TABLE-US-00057 TABLE 24 FcRn in solution, K.sub.D for binding pairs [nM] FcRn IgG1 IgG2 IgG3 IgG4 albumin wild-type 380 440 298 225 500 E133K >>3000 >>3000 not tested not tested 960 W131R >>15000 >>15000 >>3000 >>3000 440 M118I not tested not tested 210 239 480 Non-binding interactions are listed as KD >> {highest concentration tested}

Example 2: Base Editing to Alter an FcRn Polynucleotide in Primary Human Hepatocytes

[0956] Experiments were undertaken to evaluate base editing of an FcRn polynucleotide in primary human hepatocytes (PHHs). The design of the experiment is shown in FIG. 8A. Primary human hepatocyte (PHH) co-cultures were contacted with a base editor system containing gRNA1583 or gRNA1582 (see Tables 2A and 2B) and an adenosine base editor (ABE). Cells were transfected with 150 ng of the guide RNA and 450 ng of mRNA encoding the base editor, which amounted to a sub-saturating dose (600 ng total) of the base editor system. At ten days post-transfection, base editing efficiencies for each observed amino acid alteration were evaluated for each base editor system (FIG. 8B). At 13 days post-transfection, FcRn transcript levels were evaluated using RT-qPCR (FIG. 8C). The base editor system containing the guide gRNA1583, whose target amino acid alteration in FcRn was W131(154)R, achieved a total base editing efficiency of over 40% in the primary human hepatocytes. Also, mRNA expression level of FcRn in the primary human hepatocytes base-edited using the guide gRNA1583 were about 70% of that measured for unedited cells.

Example 3: Optimization of Guide Polynucleotides for Use in Base Editing to Alter an FcRn Polynucleotide

[0957] Experiments were undertaken to evaluate the impact of spacer length on base editing efficiencies achieved in HEK293T cells using base editing systems targeted to introduce a W131(154) R alteration to an FcRn polypeptide.
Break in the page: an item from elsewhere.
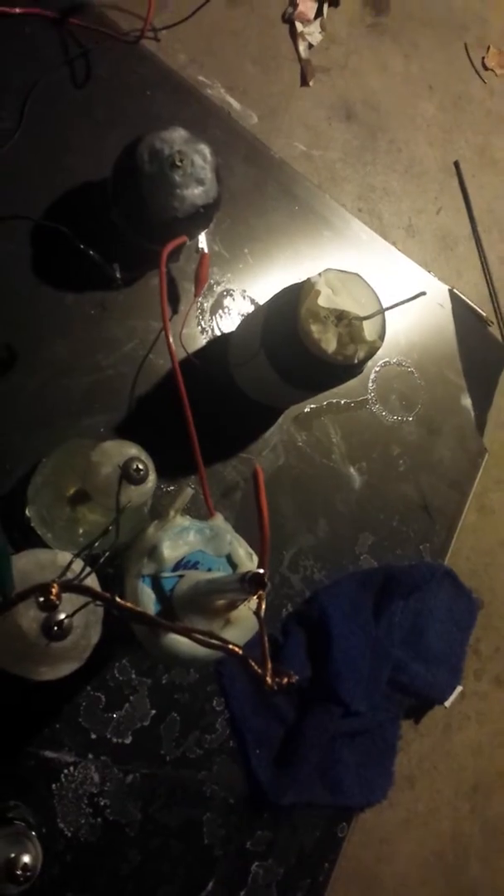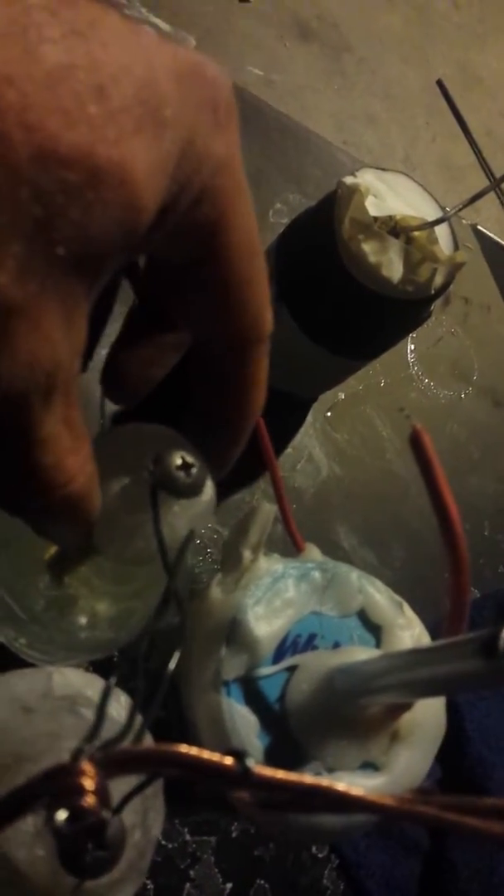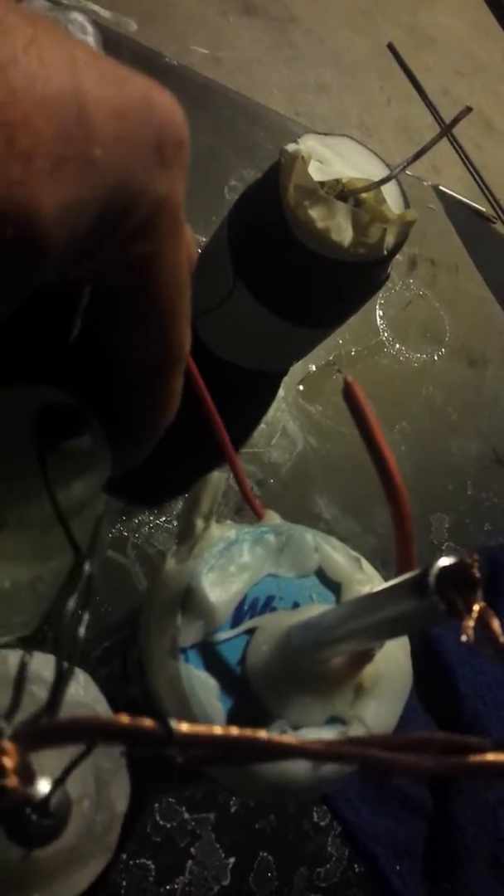That's pretty cool. I don't know if you guys can hear it, but they're still discharging. Let's try to grab it. You hear it? Yeah. Oh yeah.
The following guide polynucleotides containing spacers ranging in length from 19 nt to 23 nt were prepared: gRNA3025 (19 nt spacer), gRNA1583 (20 nt spacer), gRNA3026 (21 nt spacer), gRNA3027 (22 nt spacer), and gRNA3028 (23 nt spacer) (see sequences listed in Tables 2A and 2B). The experimental design is shown in FIG. 9A. HEK293T cells were transfected at day 1 following seeding with 150 ng of the guide polynucleotide and 450 ng of mRNA encoding an adenosine base editor (ABE). At 72 hours post-transfection, cells were harvested and next-generation sequencing was used to evaluate base editing efficiencies for each base editor system measured for each observed FcRn amino acid alteration (FIG. 9B). All spacer lengths evaluated were associated with similar base editing efficiencies. The guide with a spacer length of 19 nucleotides (i.e., gRNA3025) had a base editing efficiency that was slightly better than any of the other guides evaluated that contained longer spacers.

OTHER EMBODIMENTS

[0958] From the foregoing description, it will be apparent that variations and modifications may be made to the invention described herein to adopt it to various usages and conditions. Such embodiments are also within the scope of the following claims.
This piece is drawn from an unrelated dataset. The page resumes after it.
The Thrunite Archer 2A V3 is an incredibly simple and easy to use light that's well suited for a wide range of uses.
[0959] The recitation of a listing of elements in any definition of a variable herein includes definitions of that variable as any single element or combination (or subcombination) of listed elements. The recitation of an embodiment herein includes that embodiment as any single embodiment or in combination with any other embodiments or portions thereof.

[0960] All patents and publications mentioned in this specification are herein incorporated by reference to the same extent as if each independent patent and publication was specifically and individually indicated to be incorporated by reference.